> _TASK TO COMPLETE_
Set down, word for word, the line with "Liminal Wood Black Framed Wall Art 4PC" and the lines after it through the final line of the data below, without pictures.
*** Opening of INFORMATION SHOWN ***
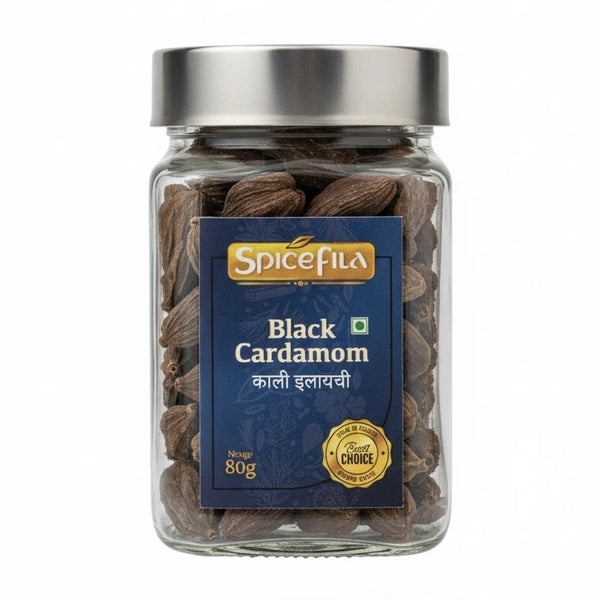 spicefila black cardamom frontview in a white white background  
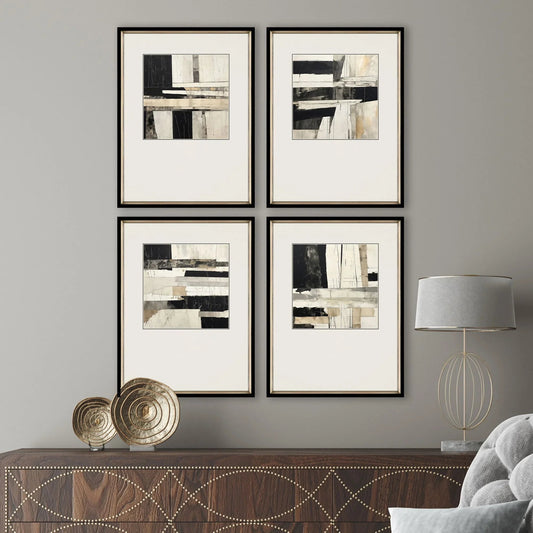 Liminal Wood Black Framed Wall Art 4PC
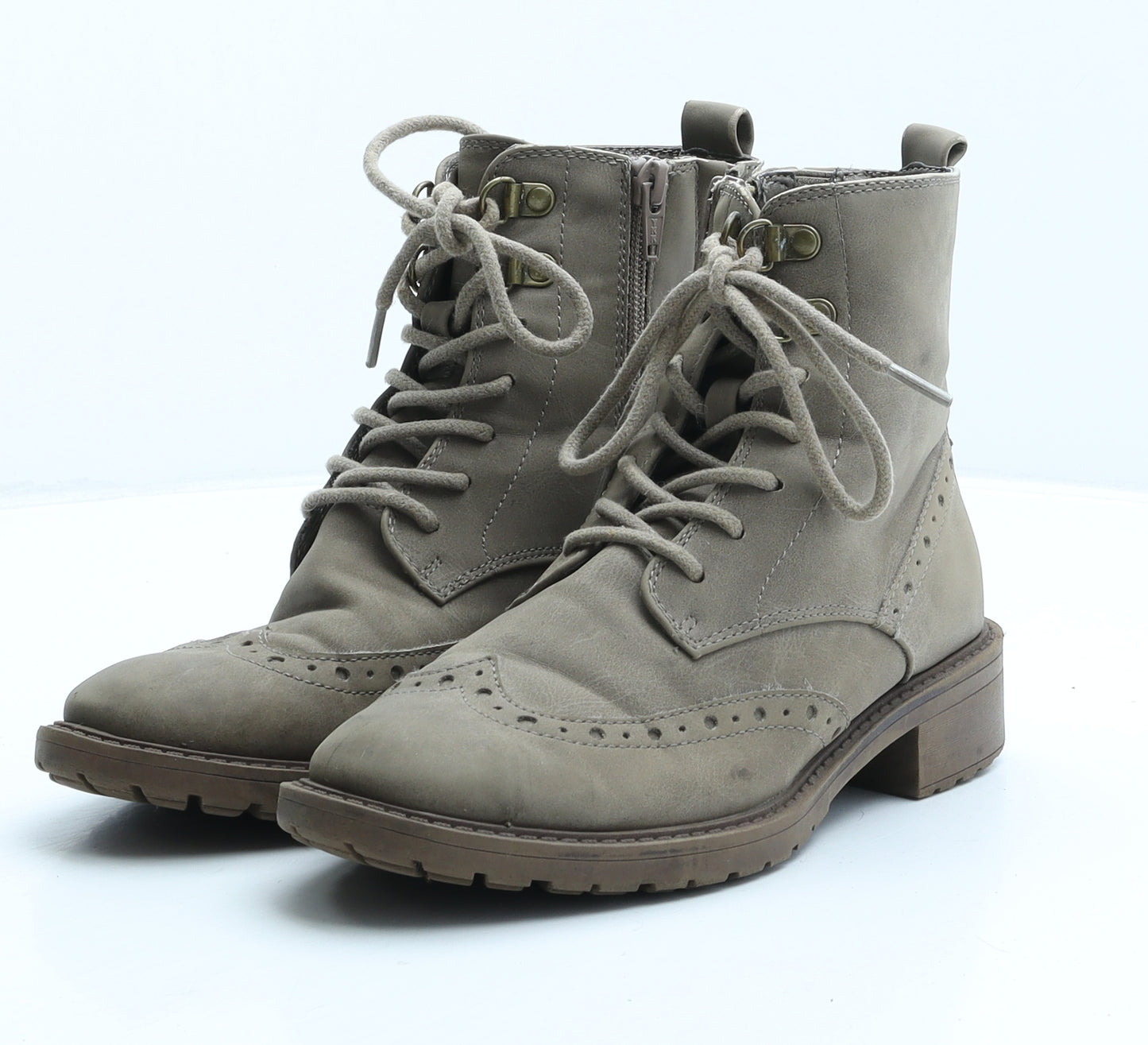 Marks and Spencer Womens Brown Suede Combat Boot UK 3 - Brogue Detail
*** Close of INFORMATION SHOWN ***
> _RESULT BELOW_
 Liminal Wood Black Framed Wall Art 4PC
 Marks and Spencer Womens Brown Suede Combat Boot UK 3 - Brogue Detail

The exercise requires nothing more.